The recent death of Freddie Gray in Baltimore from injuries sustained while in police custody can not be ignored. According to Marilyn Mosby, Baltimore City State’s Attorney, police “failed to establish probable cause for Mr. Gray’s arrest, as no crime had been committed [by Gray].” She went on to describe even the arrest itself as illegal.
While police did check on Gray, who was not buckled into a seat in a police wagon, they did not respond to his requests for medical help. He was eventually discovered to be in cardiac arrest and died a week later of spinal injuries.
The city erupted into mass protests and ultimately riots. Over 100 police officers had been injured as of Monday. Approximately 200 businesses, many minority-owned, were destroyed. Many on social media recalled a quotation from Rev. Martin Luther King, Jr.: “A riot is the language of the unheard.”
Institutional racism in the American justice system causes significant harm. Furthermore, while at times, deaths break through the news cycle, those experiencing racist policing and corrections policies are unheard.
Of course, Freddie Gray, who was 25 years-of-age, was not the first young black man to die in police custody. Sadly, these deaths have become familiar. Back in 1997, then President Bill Clinton called for a “national conversation on race.” That’s almost 20 years ago. Every time one of these incidents happens, not only do people take to the streets, but people, particularly white people, call for more conversation.
Unfortunately, many whites see racism as a one-dimensional person-to-person binary. Some examples of this thinking include believing that racism is only a conscious choice of ‘bad’ people, or only the province of those who wouldn’t hire someone because of skin color or of those who make racist jokes.

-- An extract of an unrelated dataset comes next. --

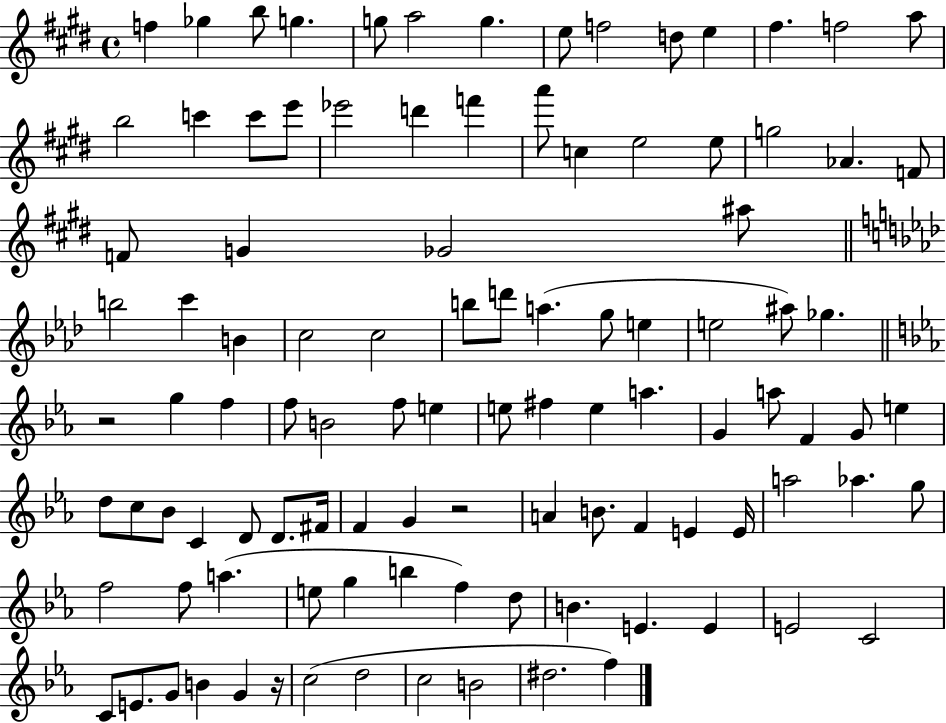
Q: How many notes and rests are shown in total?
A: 104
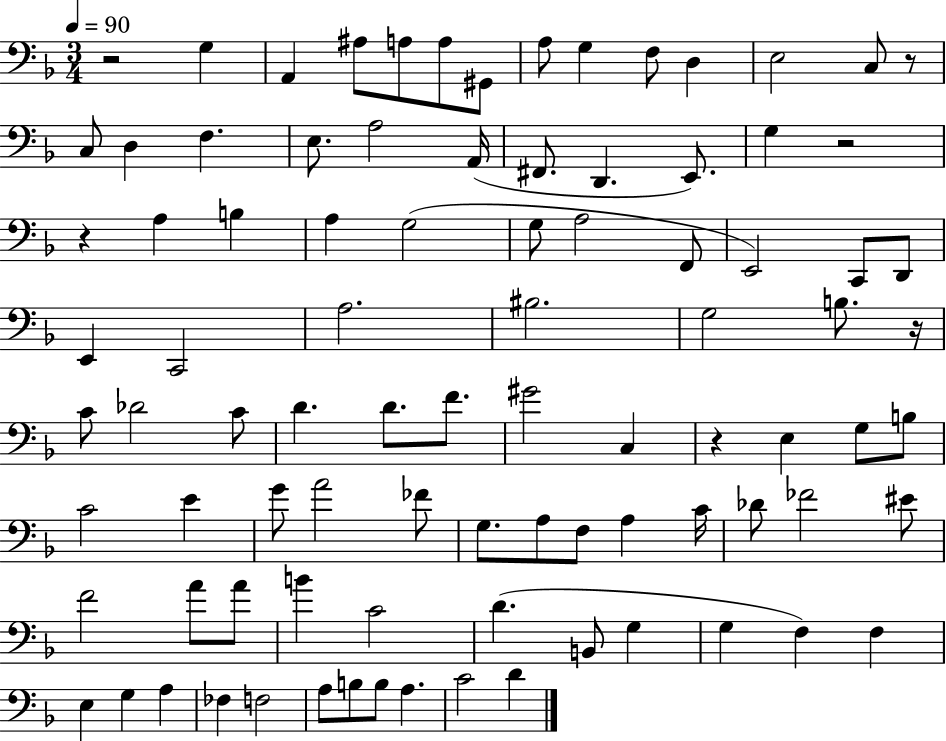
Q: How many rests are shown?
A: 6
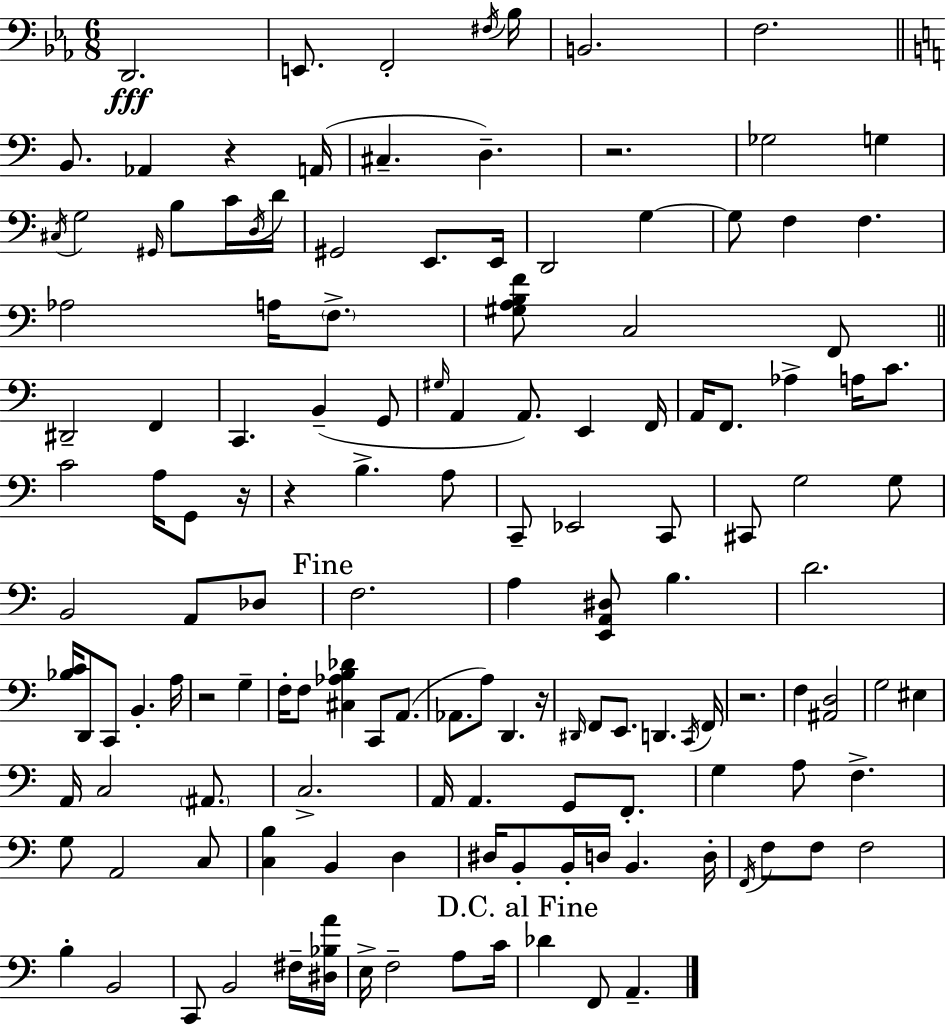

According to Robin DiAngelo, a professor of critical multicultural and social justice education writing in the Huffington Post, while whites have “strong emotionally laden opinions [on race], but they will not be informed opinions. Our socialization renders us racially illiterate.” He goes on to note that whites often lack humility when discussing race.
DiAngelo also argues that racism is multidimensional and that it “ensures an unequal distribution of resources between racial groups.” He also notes that whites struggle to discuss race in a meaningful way. He said, “We have not had to build tolerance for racial discomfort and thus when racial discomfort arises, whites typically respond as if something is ‘wrong,’ and blame the person or event that triggered the discomfort (usually a person of color).” He terms this “white fragility.”
Fortunately, he posits a solution: “The antidote to white fragility is on-going and life-long, and includes sustained engagement, humility, and education.”
Dramatic disparities in health, wealth and education exist in Baltimore as they do in many American cities, including Minneapolis and also can not be ignored. For instance, in Baltimore, whites make twice as much as blacks on average. A national Business Journal study?1 found that income inequality is less of an issue in Minneapolis-St. Paul as a whole than in other cities, particularly than in Birmingham, AL, Memphis, TN and Oklahoma City.
However, racial disparities in Minnesota’s poverty rates are dramatic. 37.8 percent of black Minnesotans lived in poverty in 2012, according to figures from the Minnesota Budget Project?2. Of white Minnesotans 8.1 percent live in poverty, a difference of roughly 30 percentage points. Minnesotans who are native American experienced very high poverty rates also; 31.9 percent of these Minnesotans lived in poverty.
On a totally different topic, feminist Andrea Dworkin once titled a piece, “Violence against Women: It Breaks the Heart, Also the Bones?3.” Young men of color – and young women of color, including Tanisha Anderson of Cleveland?4, are dying. We must do more than feel heartbroken.
Did the mass protests and riots influence the indictments of six police officers in Gray’s death? Indictments and arrests – and even convictions – are one thing. Justice, which means we all ‘see race,’ and we all stand together for equality is another.